A prequel always creates the urge to heavily reference the existing films, but Rogue One is able to avoid many of those mistakes. When developing the prequel trilogy, series creator George Lucas was unable to resist this temptation. He wrote characters that were either younger versions of existing characters or new ones that were basically stand-ins for those you already knew. The key difference here is that Rogue One answers one of the franchise’s lingering questions: why was there a spot on the Death Star that would immediately destroy it? This necessitates the film to focus on an entirely new cast in a very different situation.
Edwards deliberately separates his film from the mainline entries. Each production detail is selected to contrast with what we expect from the franchise. Camera movements are often shaky and focus on the perspective of the ground troops rather than sweeping shots of the greater battle area. The final action scene has moments that mimic the Normandy Invasion scene from Saving Private Ryan. The lighting also reflects the clandestine nature of the characters. Many rooms are poorly lit, implying these rebels don’t have the money or the time to stay in any location and build a base. Even the normally pristine Stormtroopers are speckled with debris. Everything feels grimy with an air of desperation.

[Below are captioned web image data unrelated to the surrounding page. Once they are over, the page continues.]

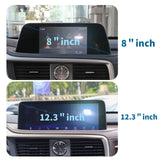 Smart Wireless Charging Phone Mount for Lexus RX 2020–2022 Car Phone Holder OEM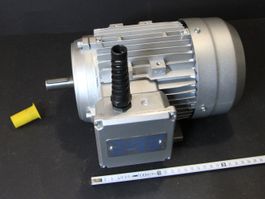 Elektromotor Sermes, MH3-80G4, 0.75KW, 1410U/min, neu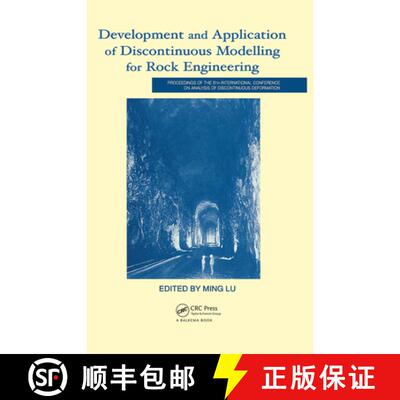 【3-4周达】精装 Development and Application of Discontinuous Modelling for Rock Engineering: Proceedi... [9789058096104]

The screenwriters are able break away from traditional formula of the franchise. Previous films focused on the Jedi which made morality simple. There was no question of who to root for when it was the monks versus space fascists, but Rogue One takes a different approach. The rebels fighting here are not waging a war of ideologies, they are the people that need to make the hard decisions to win battles. That means lying and killing if it moves their position forward. The added complexity is refreshing in the otherwise simplistic universe, but, perhaps fearing public reaction, this is relegated to the periphery. The film instead chooses to focus on the action rather than the choices behind it. Exploring this ambiguity would have further distinguished the film and balanced out the pacing that drags early on from the repeated action sequences.
The filmmakers take full advantage of the freedom that not needing the set up future installments affords them. The major downside to the franchises that dominate cinemas today is that they lack tension. Even as characters are shown in perilous situations, it doesn’t produce the intended effect. Why should we be worried when we know that sequels are already in the pipeline? Captain America and Iron Man can’t kill each other when the next Avengers movie is just around the corner, so their battles don’t have any meaning. That is not the case for this spinoff. Characters are expendable and the writers aren’t afraid to prove it. The new perspective and narrative turns make Rogue One an exciting change to the standard Star Wars tropes.